# [Work to complete]
Look for the line containing "Camiseta Equilibrio a" in the records below. Then output it and all the lines that follow, exactly and without any others.

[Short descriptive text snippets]
────

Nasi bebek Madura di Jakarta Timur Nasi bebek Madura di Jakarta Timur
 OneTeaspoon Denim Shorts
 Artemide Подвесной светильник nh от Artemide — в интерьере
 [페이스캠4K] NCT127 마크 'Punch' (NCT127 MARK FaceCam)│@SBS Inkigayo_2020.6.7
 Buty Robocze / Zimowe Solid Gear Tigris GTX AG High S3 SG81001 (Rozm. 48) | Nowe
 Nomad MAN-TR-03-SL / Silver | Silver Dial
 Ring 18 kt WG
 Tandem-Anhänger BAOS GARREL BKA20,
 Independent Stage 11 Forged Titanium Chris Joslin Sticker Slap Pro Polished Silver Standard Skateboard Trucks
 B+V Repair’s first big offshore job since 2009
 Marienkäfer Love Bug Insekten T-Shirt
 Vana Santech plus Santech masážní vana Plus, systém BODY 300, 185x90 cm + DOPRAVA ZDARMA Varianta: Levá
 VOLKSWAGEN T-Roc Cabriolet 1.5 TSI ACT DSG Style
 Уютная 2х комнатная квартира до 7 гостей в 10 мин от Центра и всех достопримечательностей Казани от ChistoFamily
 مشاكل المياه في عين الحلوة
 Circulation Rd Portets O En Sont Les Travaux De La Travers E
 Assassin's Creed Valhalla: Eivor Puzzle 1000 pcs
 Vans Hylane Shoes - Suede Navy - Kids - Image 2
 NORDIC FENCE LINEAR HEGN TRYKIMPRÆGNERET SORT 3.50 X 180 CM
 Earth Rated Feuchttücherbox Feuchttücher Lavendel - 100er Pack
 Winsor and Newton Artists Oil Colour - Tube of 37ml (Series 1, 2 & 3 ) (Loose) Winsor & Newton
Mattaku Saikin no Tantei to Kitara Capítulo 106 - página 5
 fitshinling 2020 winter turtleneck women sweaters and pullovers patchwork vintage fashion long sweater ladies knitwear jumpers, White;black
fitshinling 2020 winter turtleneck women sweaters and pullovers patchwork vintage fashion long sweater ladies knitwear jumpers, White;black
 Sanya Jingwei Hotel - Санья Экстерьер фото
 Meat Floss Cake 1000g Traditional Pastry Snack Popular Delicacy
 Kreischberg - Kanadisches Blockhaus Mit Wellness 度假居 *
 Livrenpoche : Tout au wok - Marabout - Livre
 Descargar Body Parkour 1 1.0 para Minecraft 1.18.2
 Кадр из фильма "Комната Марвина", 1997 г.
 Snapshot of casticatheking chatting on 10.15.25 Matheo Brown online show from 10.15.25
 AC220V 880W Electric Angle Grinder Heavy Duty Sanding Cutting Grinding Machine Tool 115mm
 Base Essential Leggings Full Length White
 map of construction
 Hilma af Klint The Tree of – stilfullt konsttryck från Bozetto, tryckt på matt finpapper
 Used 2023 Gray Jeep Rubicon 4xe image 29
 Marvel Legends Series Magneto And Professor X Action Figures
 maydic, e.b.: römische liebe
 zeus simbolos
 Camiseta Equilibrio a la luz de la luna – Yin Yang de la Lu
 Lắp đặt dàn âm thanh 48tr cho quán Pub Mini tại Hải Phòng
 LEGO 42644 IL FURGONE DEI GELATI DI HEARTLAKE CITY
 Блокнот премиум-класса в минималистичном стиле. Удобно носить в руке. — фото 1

────

# [Result]
 Camiseta Equilibrio a la luz de la luna – Yin Yang de la Lu
 Lắp đặt dàn âm thanh 48tr cho quán Pub Mini tại Hải Phòng
 LEGO 42644 IL FURGONE DEI GELATI DI HEARTLAKE CITY
 Блокнот премиум-класса в минималистичном стиле. Удобно носить в руке. — фото 1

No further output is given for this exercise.